It is true that tablets and smart phones are sufficient for people who do not need much computing power and who just need to surf the web, to send and receive emails, to check weather forecasts and stocks, etc.
This is a dubious and myopic viewpoint. Tablets and smart phones aren't "stuck" on some performance curve. It is more so people who are stuck on performance boundaries (e.g., have a fixed set of major apps they need and the work they need done is either constant or growing in demands at a relatively slow rate). The devices are getting better over time. Much better.
For example a Newton from 1994 couldn't possible surf the modern web (with HTML 5, javascript , java, and Flash ) well. Likewise could not deal with the common very large email messages. The Newton from 1994 couldn't run something like Photoshop 3.0 (when it picked up layers).
In contrast, the iPad does those things easily. It runs an Adobe Photoshop Express & Touch which in combination is more than competitive with Photoshop 3.0 on pre 2000 era hardware.
The amount of "computing power" that can be delivered in a smaller form factor expands every year.
The phones and iOS tablets are more limited by in device storage space than by computational limits.
For many occupations, laptops and/or desktops are a must.
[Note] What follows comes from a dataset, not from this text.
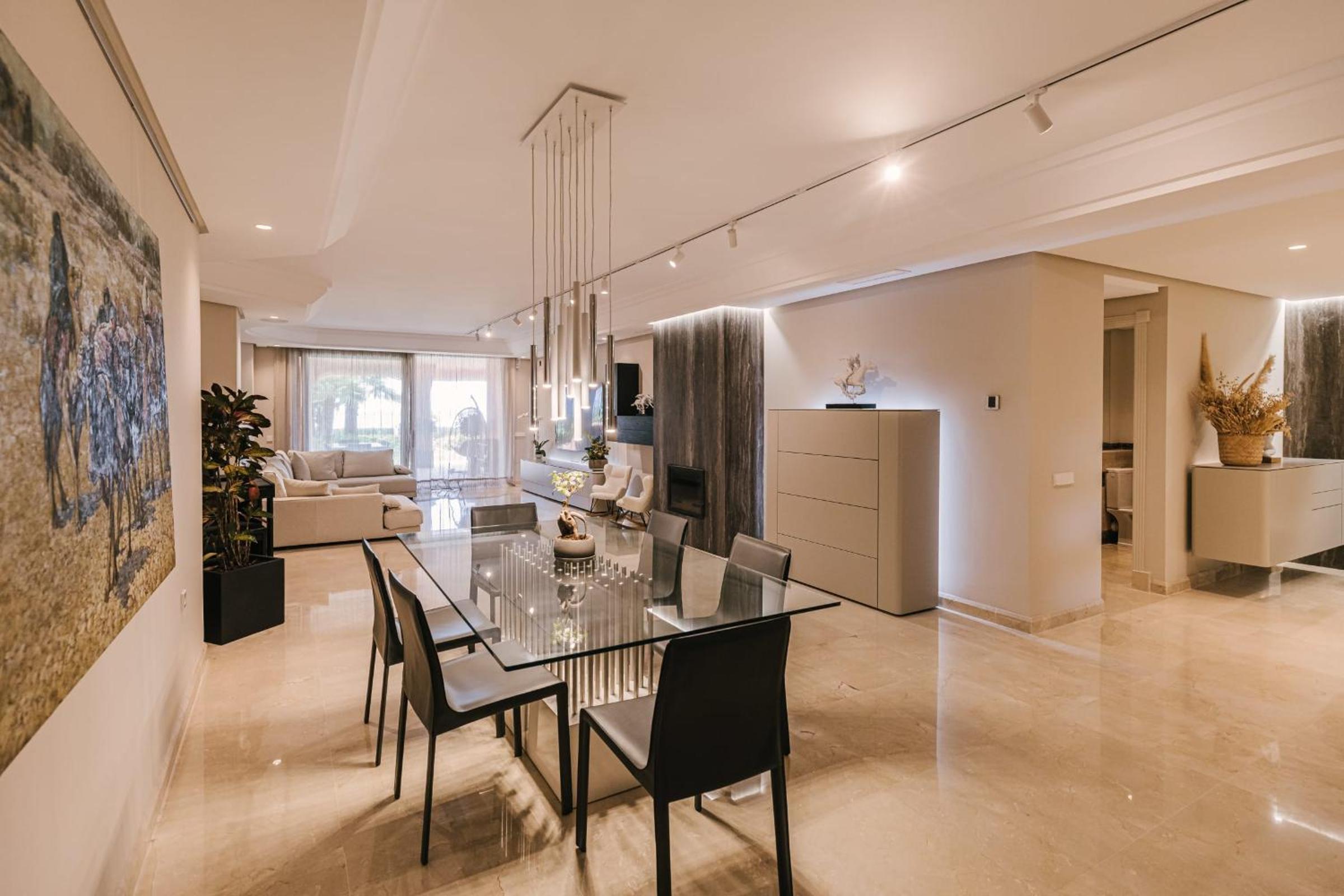Luxury sea views apartment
People who are working in those occupations still need laptops and/or desktops.
The work they need to get done is a must. The specific form factor of their tools isn't. There are relatively few occupations that absolutely require a "box with slots" of the size and dimensions of approximately a Mac II.
If I am allowed to define the post-PC era, I would like to say that the post-PC era is a time period during which people often use laptops and/or desktops
the Post-PC era is the era where people stop pigeon-holing personal computers are a legacy DOS/Windows Box with slots. Where the form factor of the first IBM PC and the early Compaq "luggables" drive the title of Personal Computer. It is the era where the computer truly become personal because the majority of the people on the planet can afford and have one; not just some relative elite few. It will be the "personal computer" era which will be "Post-Windows PC" era.
Laptops and/or desktops in some form will survive along with all the mobile devices.
They will survive. Just as Mainframes, Supercomputers , and "mini-computers" (large servers ... mini relative to the mainframes ) survived.
Right sized tool for the right job.
To encourage Apple to put more R&D into desktop computers, the desktop computer users may consider stopping using Apple mobile devices and also provide input to family members and friends so that they will not use Apple mobile devices.
This is a poster child for the "If all you have is a hammer everything is a nail" syndrome. It is wrong. Right tool for the right job. Apple is never going to bend to this, because few are going to throw themselves under to bus just so a disproportionally small group of folks can get a disproportionally large share of the R&D money. What you are asking folks to do is screw up their computer selection so you can have a better one. That's narcissistic, not a likely market force.
Apple will also share equally its R&D dollars between desktop computers and mobile devices.
The iOS products aren't really mobile devices. They are mobile computers.
And no the iOS products purpose is at Apple is not to raise money for Mac Pro R&D. Neither is the reverse. They are both products that generate enough money for their own R&D that serve different computer markets growing at different rates.
The R&D fund/defund rate is driven far more by the underlying markets grow rate and grow potential. If want to change Mac Pro R&D, folks would better served by finding new customers/jobs for which the Mac Pro is the most appropriate tool for the job. Not just the box that most resembles the computers from the past so "should buy it".